Financial Inclusion, Financial Development and Poverty Nexus in Developing Nations
DOI:
https://doi.org/10.61506/01.00550Keywords:
Poverty headcount ratio, Financial Inclusion, Financial Development, GDP Per Capita, Inflation, Trade, Gini Index, Secondary School EnrollmentAbstract
The main purpose of this study is to analyze the effect of financial inclusion and financial development on poverty in developing countries. It examines whether financial inclusion and financial development have a positive or negative impact on poverty in developing countries. To analyze the effects of financial inclusion and financial development on poverty the Method of Moments of Quantile Regression (MMQR) technique is used for an unbalanced panel data of 134 developing nations. The results suggest that financial inclusion and financial development have a negative and significant impact on poverty in developing countries. As the financial sector develops it will improve the accessibility of financial assets to poor and financial usage, quality and access to improve the financial conditions in developing countries.
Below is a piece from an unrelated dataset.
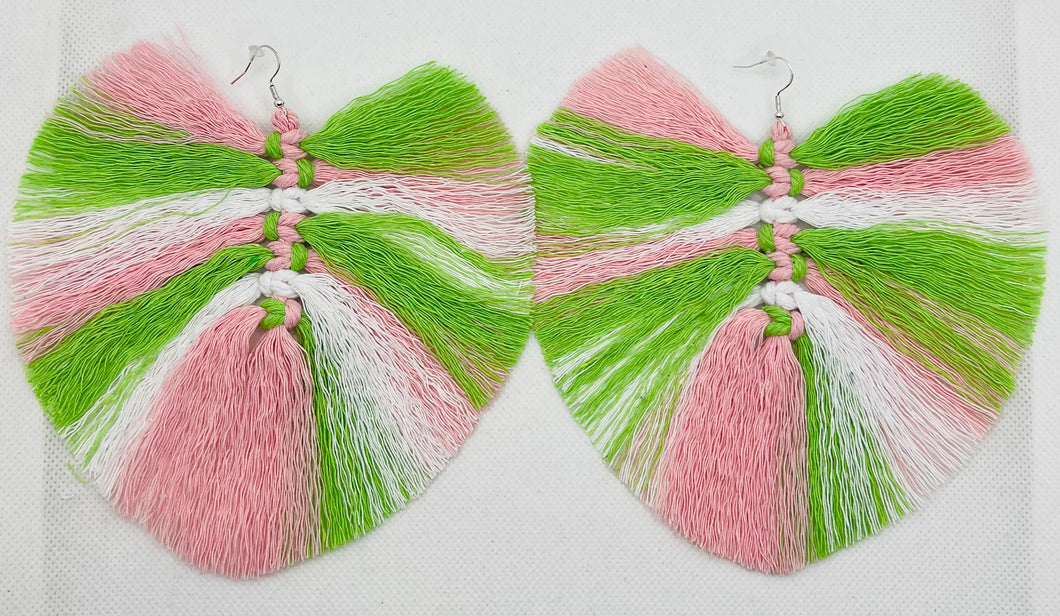 Pink and green Fringe Earrings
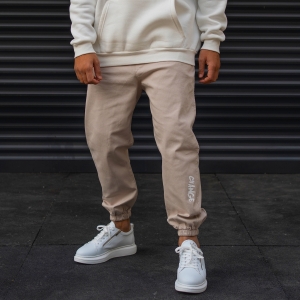 Men's Joggers With Text Details In Beige - 1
The government should promote financial inclusion by providing greater accessibility, better quality and awareness of its usage to reduce the poverty in developing countries. policymakers should improve the financial development by providing greater accessibility of financial institutions, improve the financial stability, provides more efficiency of financial institutions and enhance the financial depth. planners should implement such policies that will increase the GDP per capita in developing countries hence poverty will be reduced. The government and central bank should implement such fiscal and monetary policies that improve the price stability or reduce inflation to reduce the poverty in developing countries. Government should encourage trade to reduce the poverty in developing countries. policymakers should implement such policies that reduce the income inequality in order to reduce the poverty in developing countries. This study differs from past studies as this study analyzes the impact of financial inclusion and financial development on poverty in developing countries from 2011 to 2021 by using the financial development index and financial inclusion index and also using the MMQR technique for panel data estimation.